Collateral Damage is organized around key military operations — Convoys, Checkpoints, Detentions, Raids, Suppressive Fire, and “Hearts and Minds.” Military convoys traveling at tremendous speeds through towns have become trains of death. Civilians are routinely run over or shot to death. Soldiers fire upon Iraqi vehicles with impunity at checkpoints. Late-night detentions based on shoddy intelligence terrify women, traumatize children, and radicalize the young men caught in their dragnet.
These soldiers have found the moral courage to speak out about the true nature of a war that has become one long, unchecked atrocity, and has given rise to the instability, sectarian violence and chaos that we witness today in Iraq.

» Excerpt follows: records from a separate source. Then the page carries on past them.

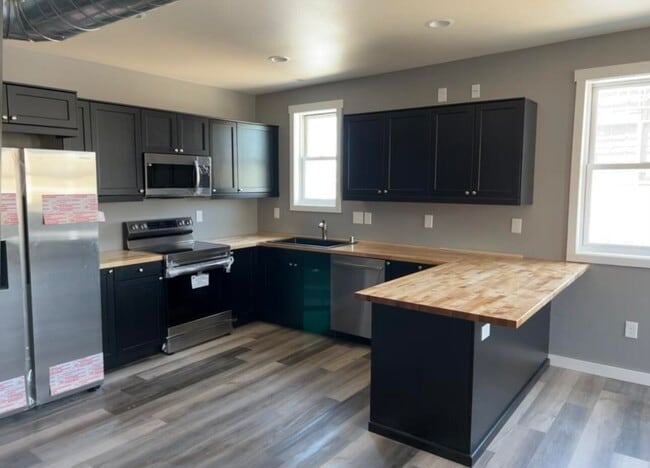 Building Photo - 1214 3rd St S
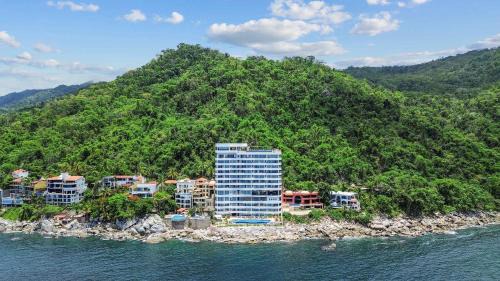 Mismaloya Apartment | Blue Horizon Luxury Condo
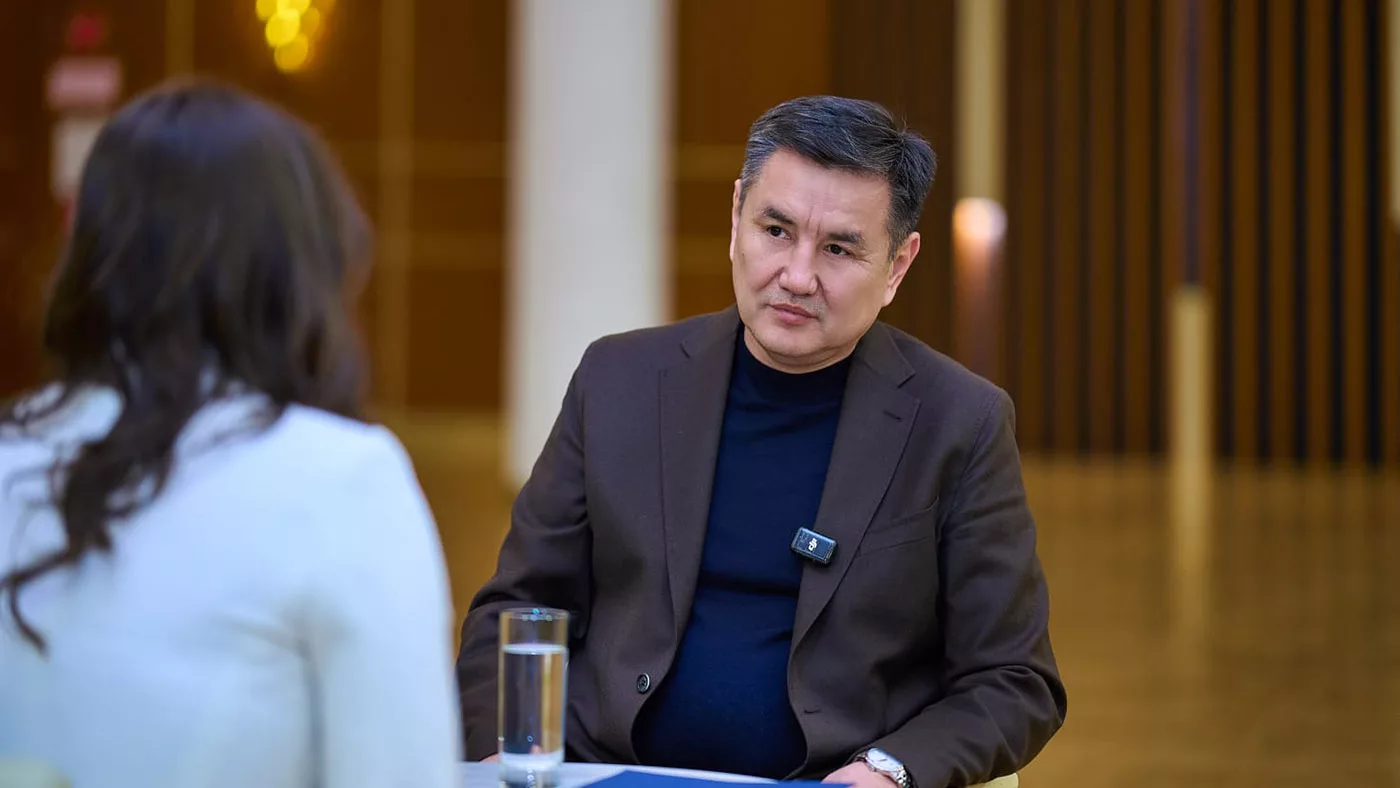 Аким ВКО: «Руководитель управления пассажирского транспорта и автомобильных дорог был уволен до возбуждения уголовного дела»
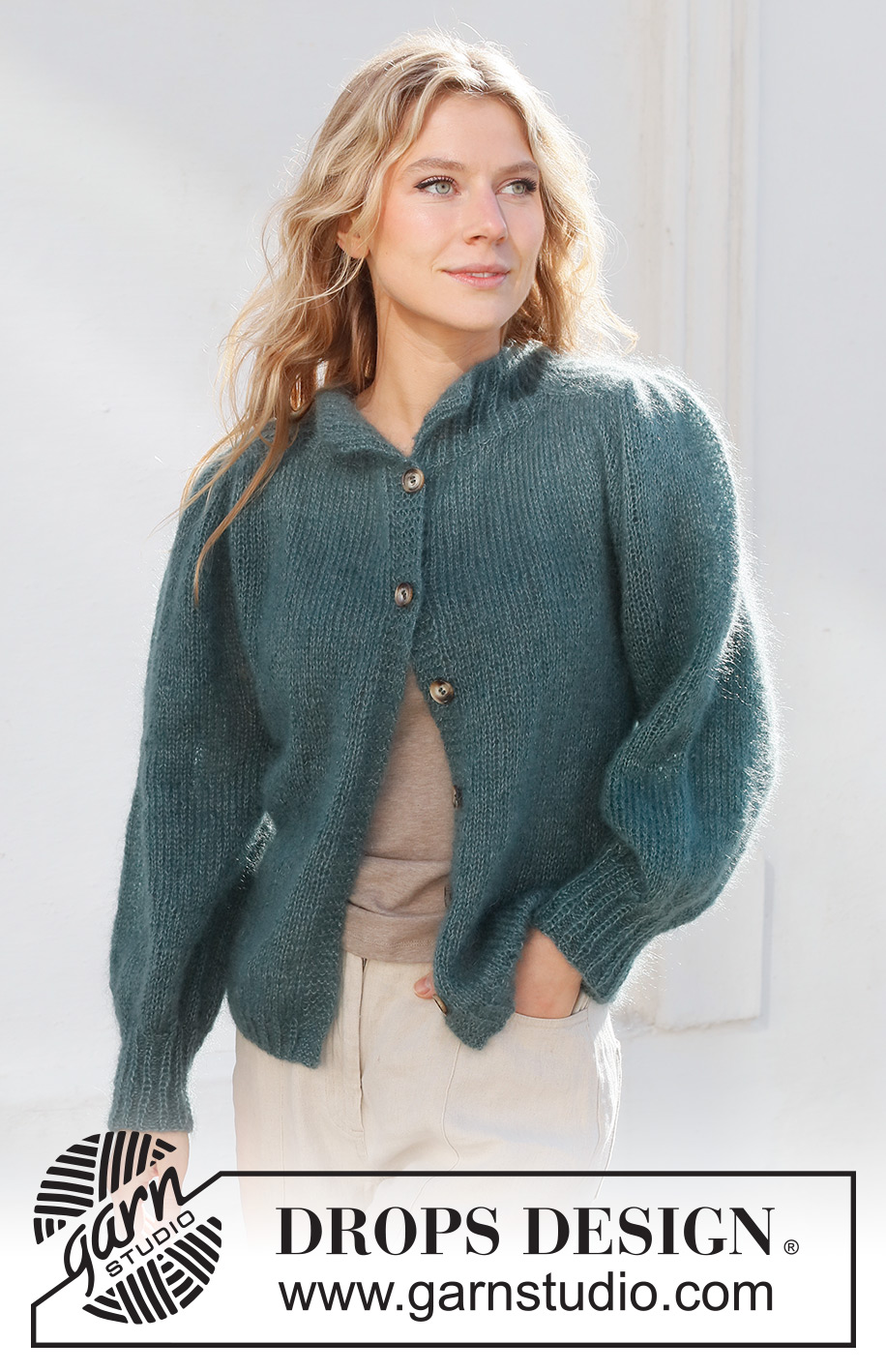 Falling Water / DROPS 227-40 - Strikket jakke i 2 tråde DROPS Kid-Silk. Arbejdet strikkes oppefra og ned med sadelskulder, pufærmer og høj hals. Størrelse S - XXXL.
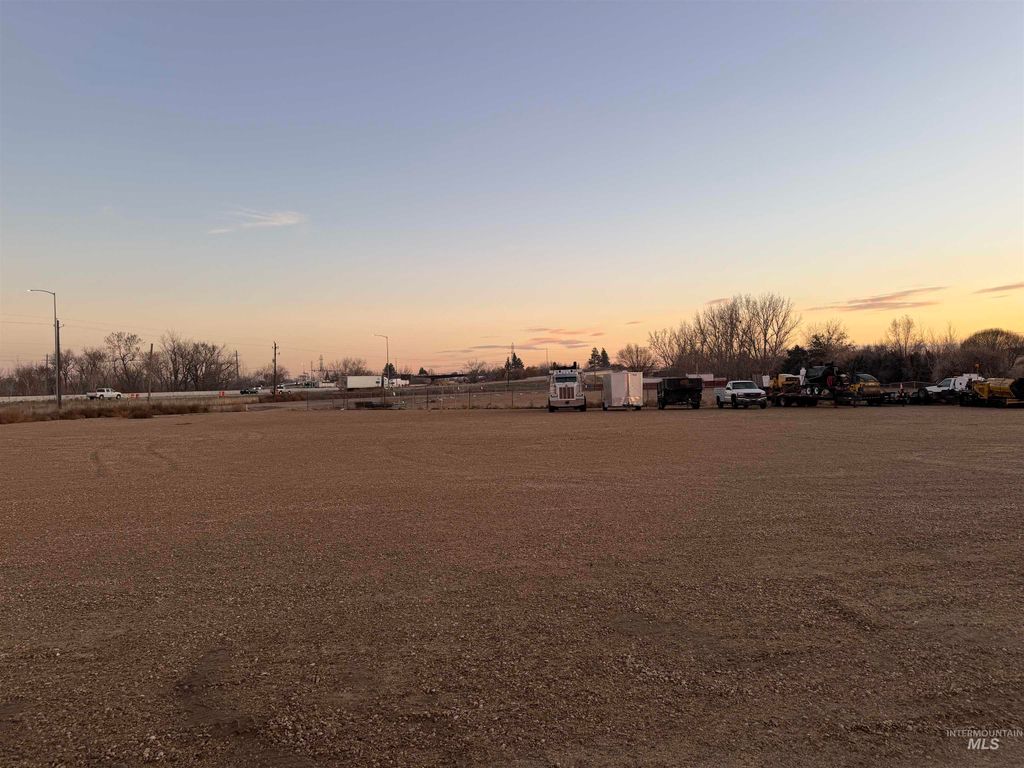 21451 & 21677 Chicago St, Caldwell, ID 83607 photo 11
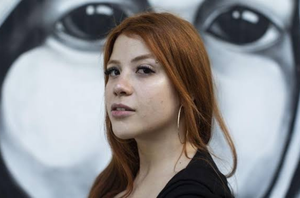 Laura Sabino é youtuber, influenciadora digital e militante(Reprodução/UOL)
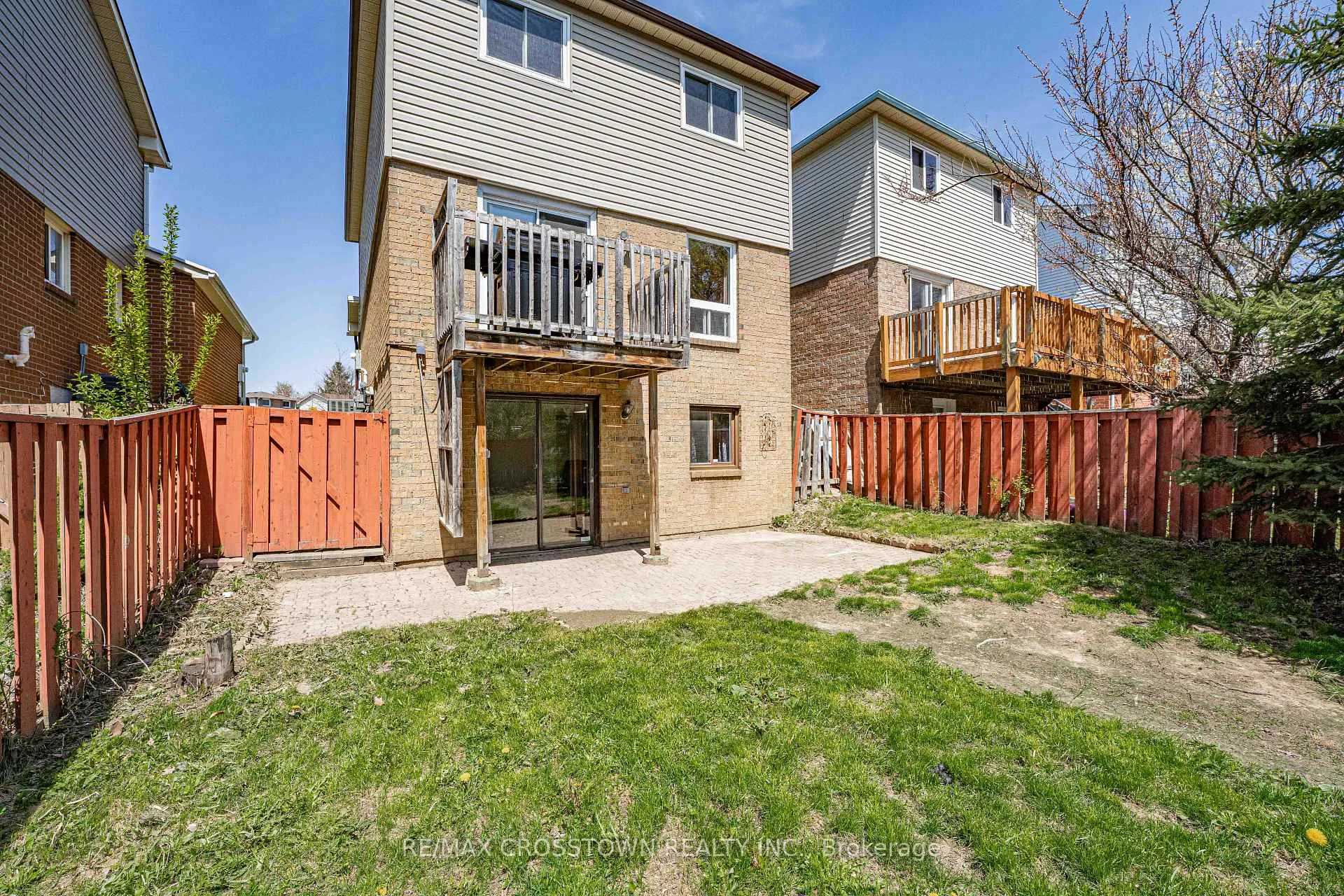 Photo 6 of 24 Cassander Crescent, Brampton, Heart Lake East — HOMEH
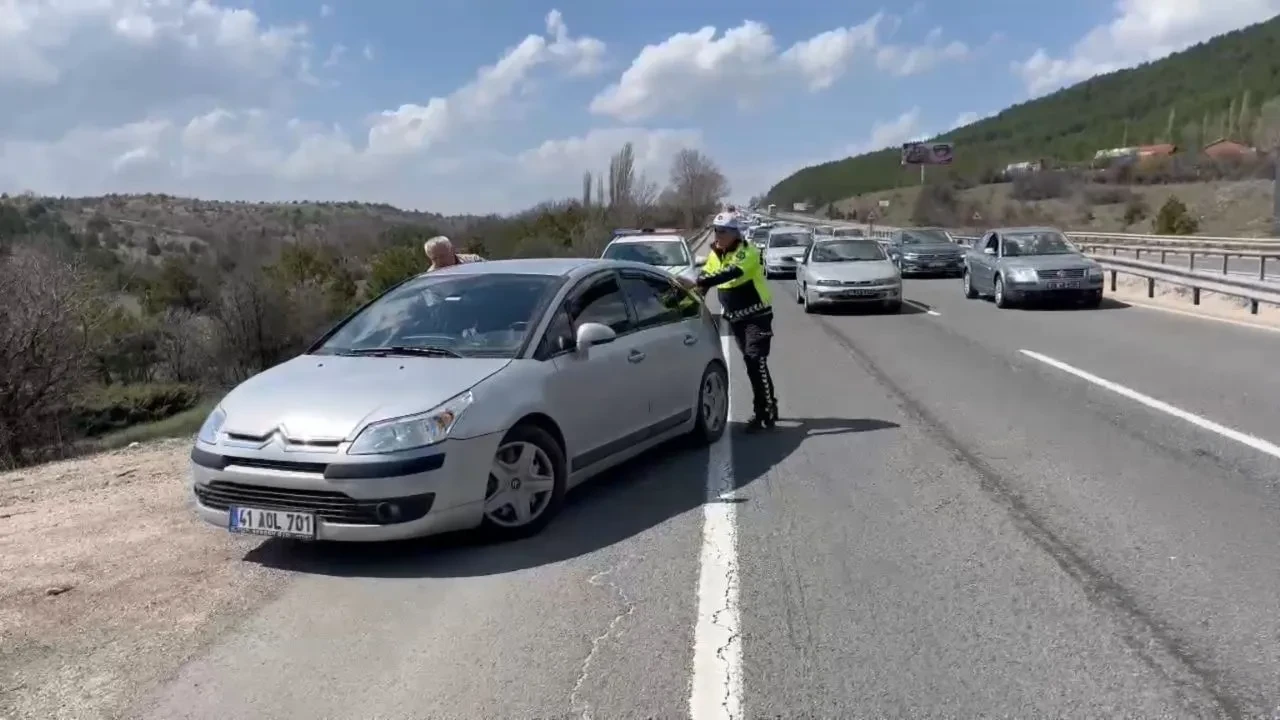 Trafik polisi arızalanan aracıyla yolda kalan yaşlı çifte yardım etti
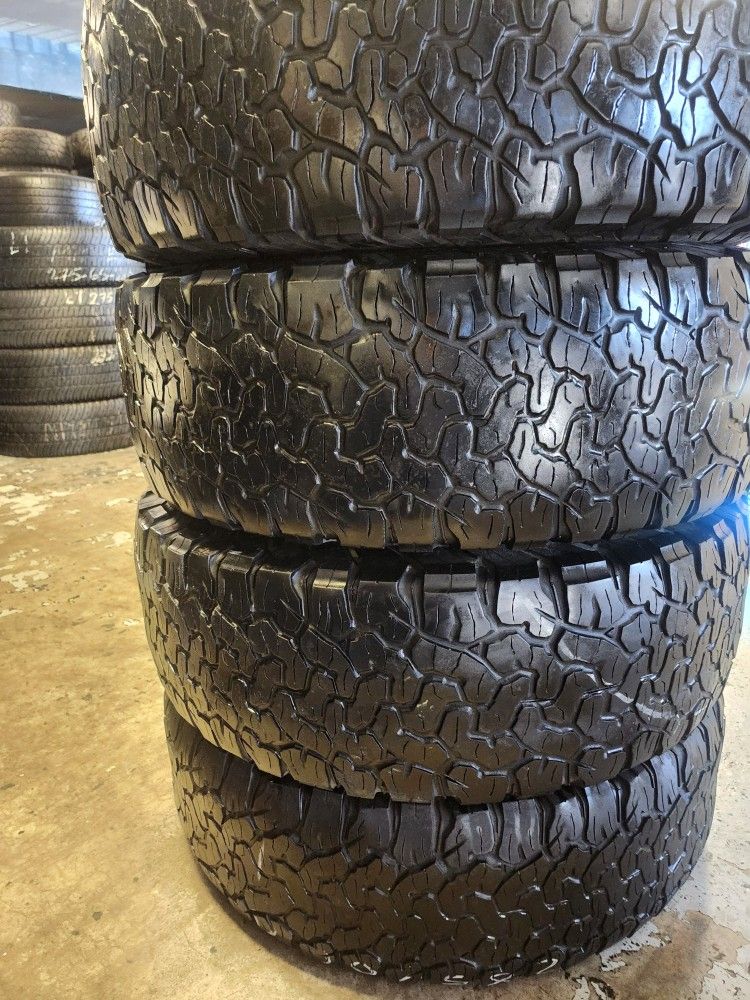 BFGOODRICH 285 70 17 (TIRE SET)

Hedges, currently a senior fellow at The Nation Institute and a Lecturer in the Council of the Humanities and the Anschutz Distinguished Fellow at Princeton University, spent nearly two decades as a foreign correspondent in Central America, the Middle East, Africa and the Balkans. He has reported from more than 50 countries, worked for The Christian Science Monitor, National Public Radio, The Dallas Morning News and The New York Times, where he spent fifteen years. Hedges is also the author of the best selling War Is a Force That Gives Us Meaning, which draws on his experiences in various conflicts to describe the patterns and behavior of nations and individuals in wartime.